Das Fürstentum Liechtenstein ist einer der kleinsten und reichsten Staaten der Erde. Steuervergünstigungen und Bankgeheimnis haben zahlreiche ausländische Investoren und Anleger in den nur 160 Quadratkilometer großen Zwergstaat gebracht.

Das Pro- Kopf-Einkommen ist eines der höchsten weltweit. Die Arbeitslosenquote liegt bei etwa drei Prozent.

An der Spitze der konstitutionellen Erbmonarchie steht Fürst Hans Adam II.,

der die Staatsgeschäfte allerdings Erbprinz Alois übertragen hat.

Außenpolitisch wird das Land zumeist von der Schweiz vertreten, Währung ist der Schweizer Franken.

In dem zwischen Österreich und der Schweiz eingebetteten Steuerparadies leben rund 35 000 Menschen. Die Zahl der Briefkastenfirmen, die dort lediglich eine Postadresse haben, soll höher sein.

Den Vorwurf, ein Hort der Geldwäsche zu sein, weist das Land zurück. Seit dem Steuerjahr 2010 kooperiert es bei Steuerbetrug und Steuerhinterziehung mit anderen Staaten.

Seitdem Liechtenstein ein Abkommen zum Informationsaustausch unterzeichnet hat, führt die OECD Liechtenstein nicht mehr auf der Liste der unkooperativen Staaten.

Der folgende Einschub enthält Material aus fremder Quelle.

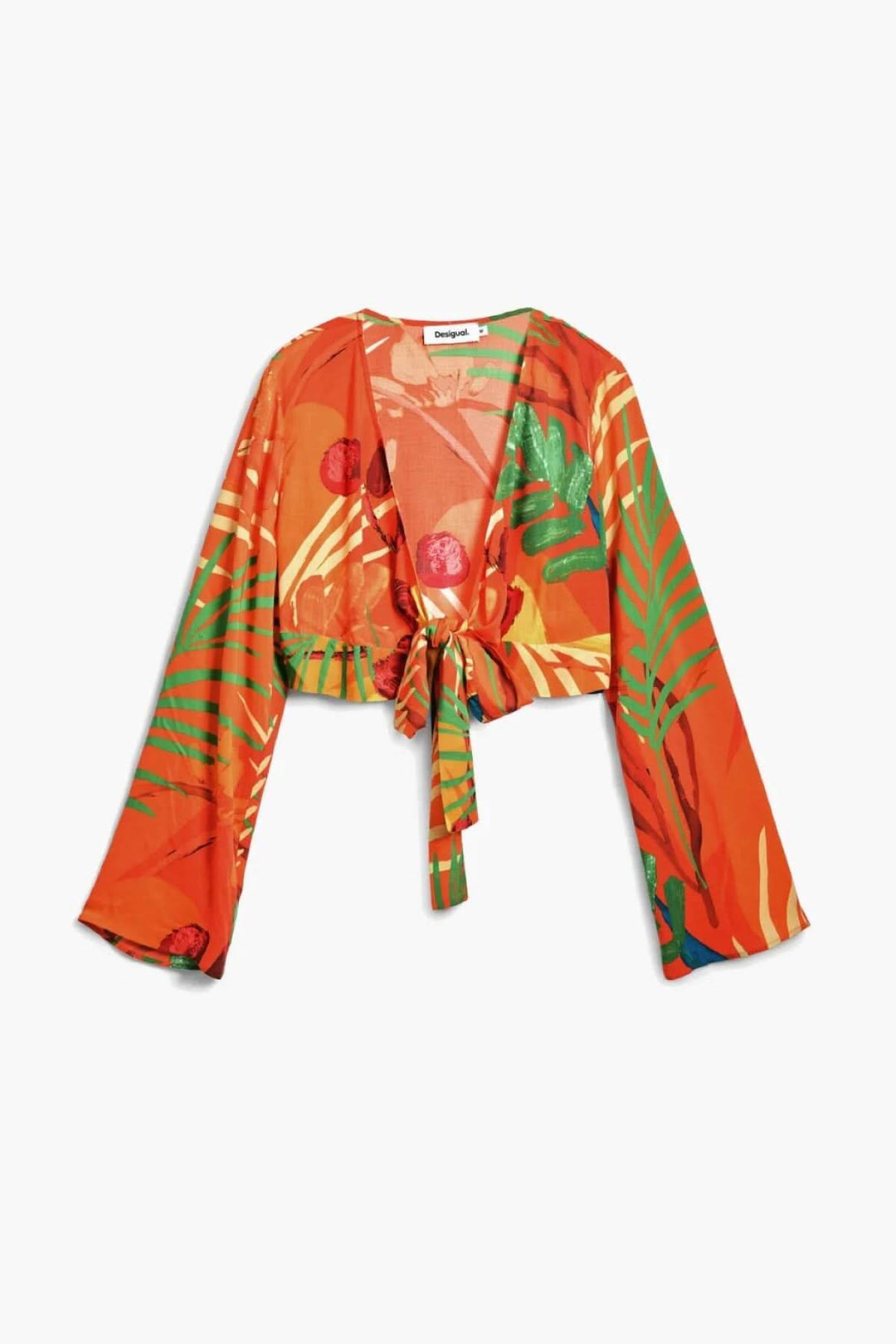 Haut cache-cœur à imprimer tropical, à manches longues évasées et taille ajustable, couleur orange vibrant.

Die Steuerbelastung in Liechtenstein ist deutlich geringer als in anderen Staaten. So beträgt die Erwerbssteuer für natürliche Personen zwischen drei und 17, die Vermögenssteuer zwischen einem und 8 Prozent.

Für Unternehmen gilt ein Kapitalsteuersatz von zwei Prozent, der Ertragssteuersatz reicht von sieben bis 20 Prozent. Sitzunternehmen und Holdinggesellschaften zahlen ein Prozent Kapitalsteuer oder mindestens 1000 Schweizer Franken.